Boot, a senior fellow at the Council on Foreign Relations, has followed America’s current campaign against guerrillas in Afghanistan closely. He said keeping just 6,000 or fewer troops in Afghanistan, as reports say President Barack Obama may be considering, would likely lead to mission failure.

“[L]eaving just 6,000 troops in Afghanistan would make it extremely difficult to pursue an effective counter-terrorist mission or to train Afghan security forces,” he said.

“Afghanistan is a big country. To target terrorists effectively you need to deploy strike forces to locations far removed from Kabul. Each of those bases, in turn, needs to be supplied and protected. Each needs to have medevac and air support on call. That requires a substantial number of troops.”

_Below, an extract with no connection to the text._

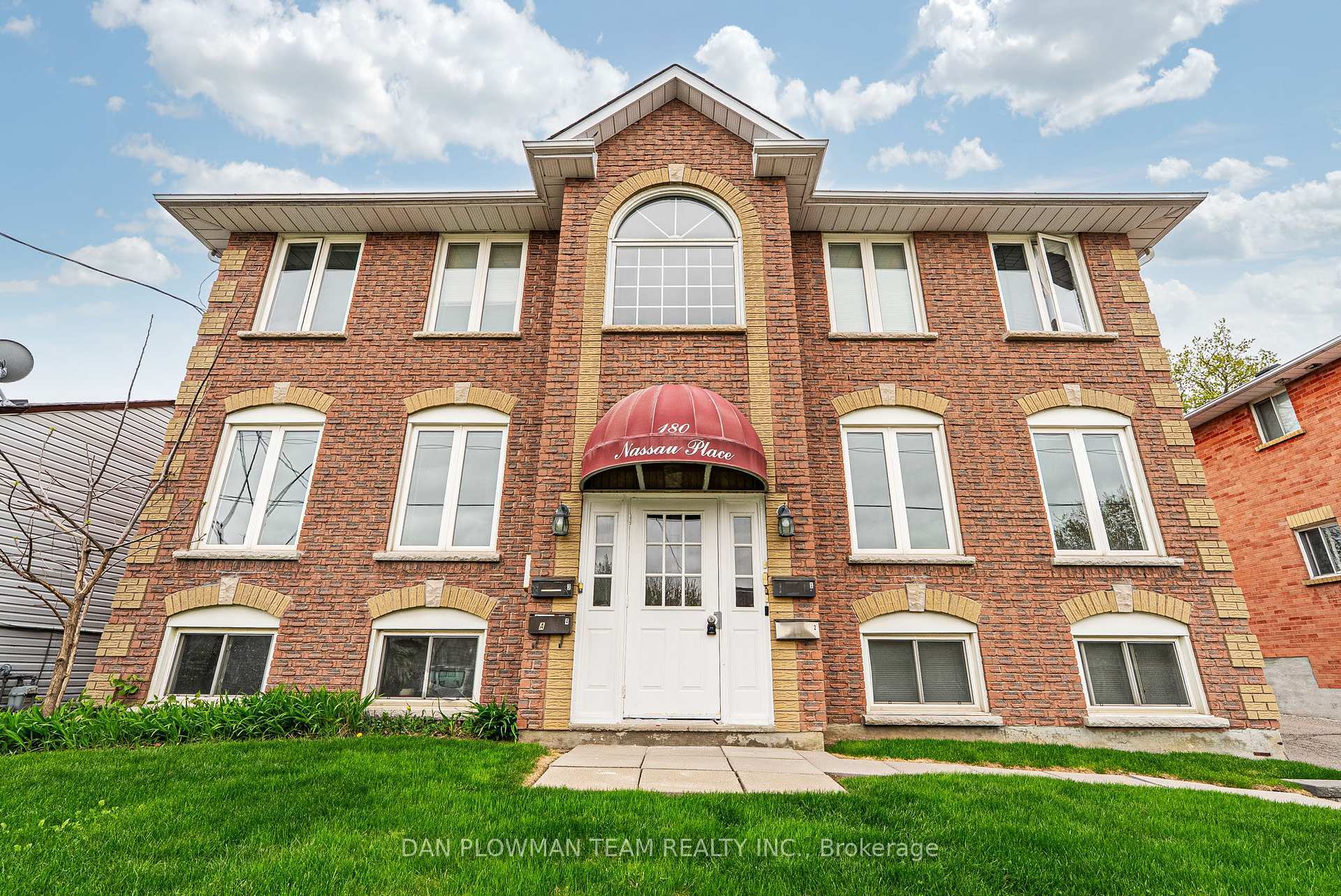 Property Photo: 176/180 Nassau Street ON L1J 4A5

See TheDC’s comprehensive interview with Boot about his new book, what lessons he learned by studying the history of guerrilla warfare, what would constitute success in Afghanistan and much more:

Why did you decide to write this book?

Guerrilla warfare and terrorism have been front and center for the U.S. armed forces and the country as a whole ever since 9/11. During the past decade I made numerous trips to Afghanistan and Iraq to analyze developments there and provide advice for our military commanders. Along the way, even as I became immersed in the details of those conflicts, I also became curious about where those wars fit into the long continuum of history. Were they unusual or the norm? What had changed in guerrilla warfare since ancient times? What strategies were most successful for countering guerrillas and terrorists? In search of answers I looked for a good history of guerrilla warfare. Finding that none existed, I decided to write it myself, starting in 2006. I am relieved and delighted that “Invisible Armies” is finally appearing — and it is as timely as ever.

Going into the research for the book, what was your impression of the history of guerilla warfare? Has that impression changed?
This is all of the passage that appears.